Weniger Blitze heißt auch: weniger Schäden

Durch die vergleichsweise geringe Anzahl an Blitzen sank 2022 auch der durch diese verursachte Schaden, wenn auch nicht ganz so deutlich. Der Gesamtverband der Deutschen Versicherungswirtschaft zählte 160 000 Blitz- und Überspannungsschäden mit versicherten Schäden in Höhe von 170 Millionen Euro. Das waren 50 000 Schadensfälle und 40 Millionen Euro weniger als 2021.

Für diesen Sommer sieht der Deutsche Wetterdienst bisher eine andere Wetterlage als noch im vergangenen Jahr. Besonders in den vergangenen Wochen sei es immer wieder zu Unwettersituationen und Gewitterlagen gekommen. Im Juni sei es regional zu Starkregen oder extremer Trockenheit gekommen, schreibt der DWD in einer Pressemitteilung. Im Juli sei es besonders in der letzten Monatswoche täglich zu Schauern, Gewitter und Starkregen gekommen. Im Vergleich zum Zeitraum von 1961 bis 1990 habe es sogar 30 Prozent mehr Niederschlag gegeben.

Ein Team von Atmosphärenwissenschaftlern und Statistikern der Universität Innsbruck konnte in einer Studie aus diesem Jahr zeigen, dass sich die Blitzaktivität in den Hochalpen in den vergangenen Jahren im Vergleich zu den 80er-Jahren in etwa verdoppelt hat. Vor allem im Juni - allgemein der Monat mit der stärksten Gewitterneigung - ist die Wahrscheinlichkeit, beim Wandern in den Alpen in ein Unwetter zu geraten, demnach deutlich gestiegen. Zugleich hat sich die Gewittersaison, die typischerweise von Mai bis September geht, etwas verlängert.

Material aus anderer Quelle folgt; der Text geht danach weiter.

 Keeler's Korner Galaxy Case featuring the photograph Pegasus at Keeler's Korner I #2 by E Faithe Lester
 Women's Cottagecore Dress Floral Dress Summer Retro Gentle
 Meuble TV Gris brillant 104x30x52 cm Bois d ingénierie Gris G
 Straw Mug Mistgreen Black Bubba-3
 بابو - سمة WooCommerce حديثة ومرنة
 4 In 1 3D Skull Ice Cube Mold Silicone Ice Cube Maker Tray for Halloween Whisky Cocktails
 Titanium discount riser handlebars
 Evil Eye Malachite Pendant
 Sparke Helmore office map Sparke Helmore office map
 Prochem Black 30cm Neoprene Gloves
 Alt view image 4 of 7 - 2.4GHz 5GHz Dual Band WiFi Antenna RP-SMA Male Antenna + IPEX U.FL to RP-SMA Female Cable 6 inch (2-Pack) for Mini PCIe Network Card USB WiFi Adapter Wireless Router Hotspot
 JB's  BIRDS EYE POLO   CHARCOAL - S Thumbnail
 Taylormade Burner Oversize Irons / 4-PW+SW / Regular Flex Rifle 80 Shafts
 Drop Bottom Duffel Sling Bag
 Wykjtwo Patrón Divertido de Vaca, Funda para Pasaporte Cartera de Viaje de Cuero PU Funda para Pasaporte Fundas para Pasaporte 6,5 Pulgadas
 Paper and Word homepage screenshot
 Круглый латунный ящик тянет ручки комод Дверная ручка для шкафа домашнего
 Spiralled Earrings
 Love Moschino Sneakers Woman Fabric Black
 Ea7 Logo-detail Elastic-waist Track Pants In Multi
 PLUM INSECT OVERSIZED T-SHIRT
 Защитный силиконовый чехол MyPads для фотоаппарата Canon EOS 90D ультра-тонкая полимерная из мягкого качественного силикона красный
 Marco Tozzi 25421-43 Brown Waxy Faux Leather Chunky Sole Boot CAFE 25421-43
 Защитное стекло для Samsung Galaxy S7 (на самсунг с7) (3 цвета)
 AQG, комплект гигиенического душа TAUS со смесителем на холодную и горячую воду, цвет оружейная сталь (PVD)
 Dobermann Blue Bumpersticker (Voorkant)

Der Blitz-Informationsdienst von Siemens ortet Gewitterblitze in mehreren europäischen Staaten und stellt die Daten nach eigenen Angaben Wetterdiensten, Unternehmen, Industrie und Versicherungsgesellschaften zur Verfügung. Dafür würden über 155 Messstationen in Europa verwendet, die Blitzeinschläge auf bis zu 50 Meter genau verorten können. Aus den gewonnen Erkenntnissen würden auch zügig Warnhinweise zu Gewittern erstellt, heißt es auf der Website des Dienstes. Die Messungen werden seit 1991 durchgeführt.